Aristophane, dit-il, lui doit sa réputation, elle l’a immortalisé. Les Mémoires de Trévoux, Septembre 1772, art. 19,
n’approuve point, à la vérité, ce genre de comédie, par une raison littéraire,
s’il paroît quelque observation qui blesse l’amour propre des auteurs, ils
courent aux armes ; que seroit-ce, si on exposoit leurs fautes, leurs vices,
leurs foiblesses sur le théatre ? Il a raison, ce seroit une guerre cruelle ;
mais c’est trop foiblement combattre une doctrine opposée à toutes les loix de
la Réligion & de la société. Moliere qui ne s’embarrassoit guerre des unes
ni des autres, l’a souvent fait ; plusieurs de ses piéces sont des comédies
personnelles, sous des noms emprantés, & celle de Pourceaugnac en est une sans déguisement, puisque c’étoit le vrai nom
du héros. La Réligion ne peut que condamner cette idée, parce qu’elle défend
sévérement la calomnie, & même la médisance, & qu’elle en ordonne la
réparation : elle défend jusqu’au
jugement téméraire,
qui n’est qu’une médisance secrette, qu’on se fait à soi-même. La prudence ne
permet pas d’en courir le risque, il est impossible, si la barriere est une fois
levée, qu’on ne pousse la malignité à la derniere extremité, en décriant tous
les vices, toutes les turpitudes des particuliers, des familles, des coups,
qu’on en vienne à des vraies calomnies. La scéne exagere tout, grossit les
traits, ajoute des circonstances, pour plaire, pour faire rire : elle ne peut
s’endispenser ; la vérité toute nue n’a aucune agrément, il faut nécessairement
l’embellir, ou plutôt désigner tout. A Athenes, où d’abord on avoit la liberté
de tout dire, les Magistrats furent obligés d’y mettre des bornes, pour arrêter
un si grand désordre. V. L. 5, C. 4, de la médisance. Ce seroit mettre le trouble dans la société,
servir la vengeance ; l’orgueil & la malignité auroient un beau champ pour
se satisfaire. On ne le seroit pas impunément, les personnes offensées ne
manqueroient pas de s’en venger ; il est inutile d’insister la dessus, qui peut
se réfuser à l’évidence ? Les loix défendent les-injures, les libelles
diffamatoires, le théatre y donne encore un plus beau jour, & met en jeu
toutes les passions. Sans doute, cette censure publique & si éclatante ;
corrigeroit quelqu’un, & rendroit plus circonspect ; encore même est il rare
que de pareilles corrections changent le cœur. Il faut pour avoir ce succès,
qu’elle soit apprétiée par la justice, la charité, selon les loix de
l’Evangile ; mais ce bien, put-on même l’esperer, ne racheteroit jamais les maux
infinis que feroit la licence à attaquer les personnes.

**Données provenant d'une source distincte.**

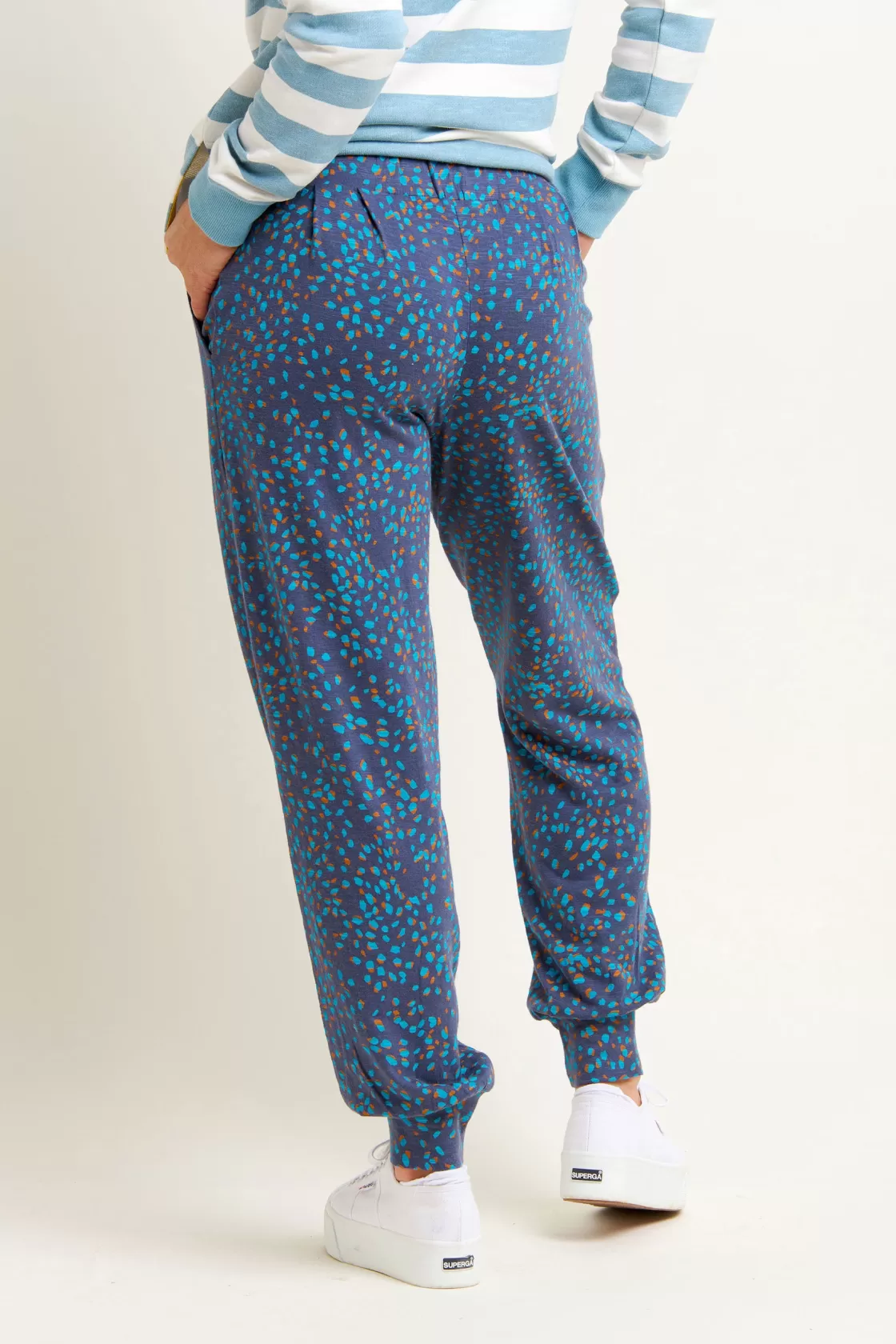 Trousers And Shorts>Brakeburn Abstract Spot Lounge Pants Blue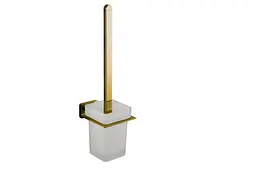Йоржик для унітазу VBI Mercury gold VBI-040210GL, Золотий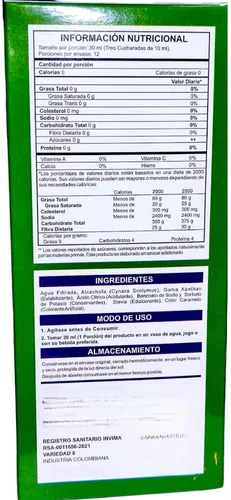 Jarabe Alcachofa 360ml - mL a $41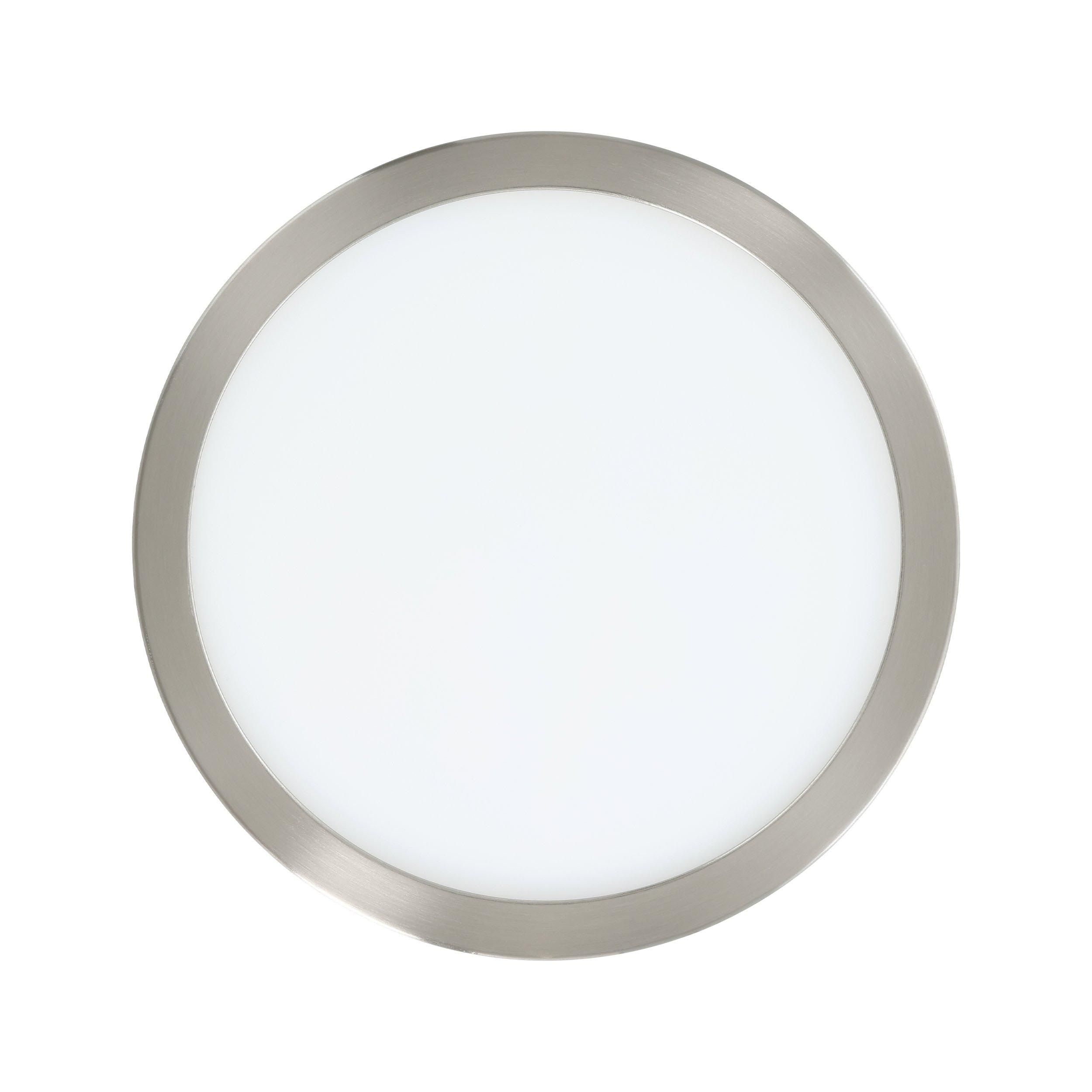 Spot à rencastrer LED dimmable FUEVA-Z gris Ø21cm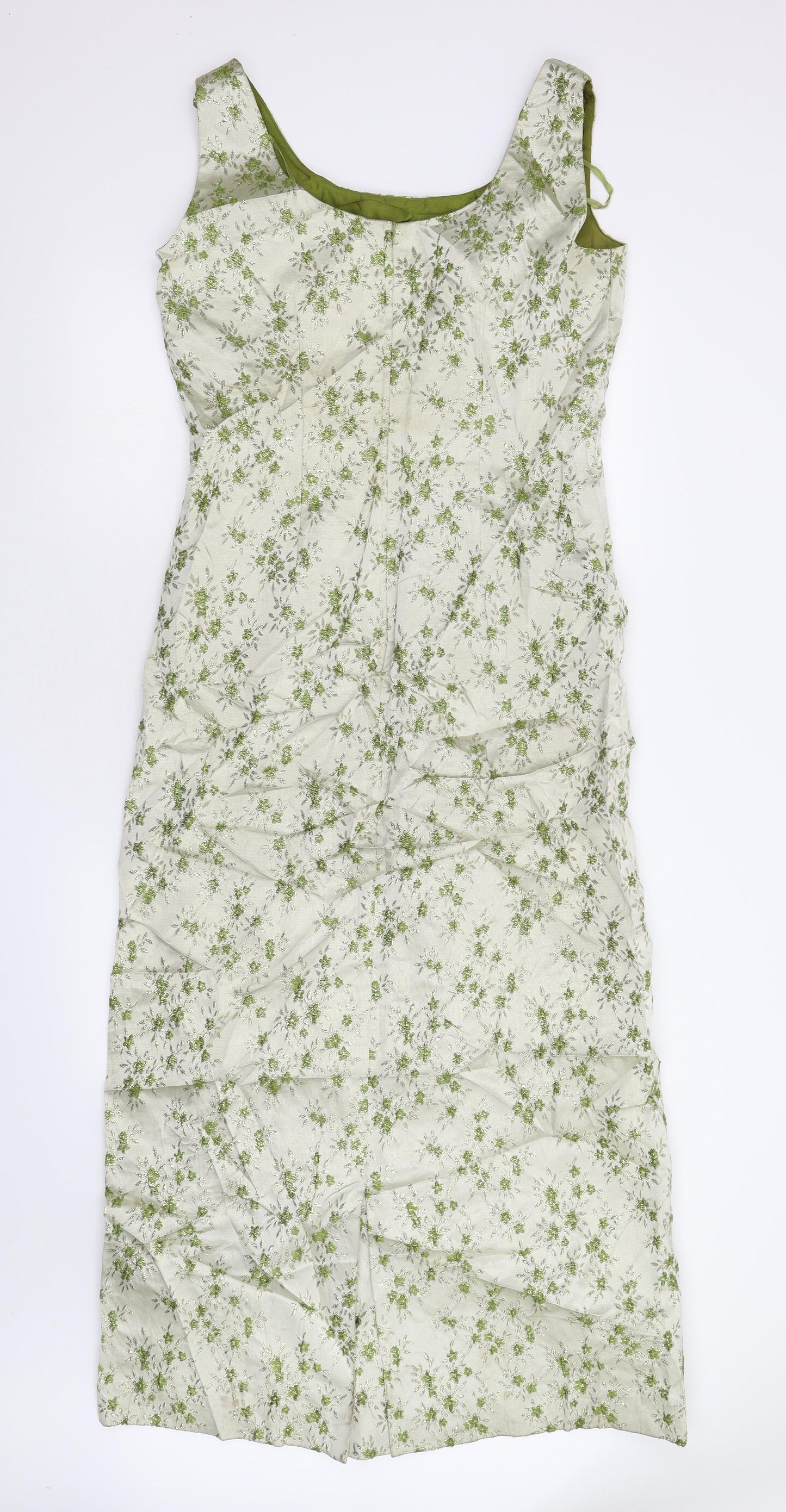 Peggy French Couture Womens Gold Floral  Shift  Size 16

Monaco 24 Mars 1772. Paris
n’a peut-être jamais été aussi peuplé qu’il l’est aujourd’hui, on le remarque
par le concours qu’on voit à tous les spectacles, (mauvaise preuve, il en
résulte seulement que le nombre des gens frivoles est
devenu plus grand ;) il s’y présente journellement un si grand nombre de
personnes, qu’on est obligé de réfuser des billets, faute de places ; on parle à
cette occasion, d’établir deux nouvelles troupes de comédiens, une dans le
quartier du Marais, à l’Arcenal, l’autre au fauxbourg Saint Honoré ; il en
faudra un aussi à la rue d’Enfer, & au fauxbourg Saint-Laurent, sans compter
les théatres du centre de la Ville, & les théatres de société.
Le dernier Evêque de Cahors (du Guesclin)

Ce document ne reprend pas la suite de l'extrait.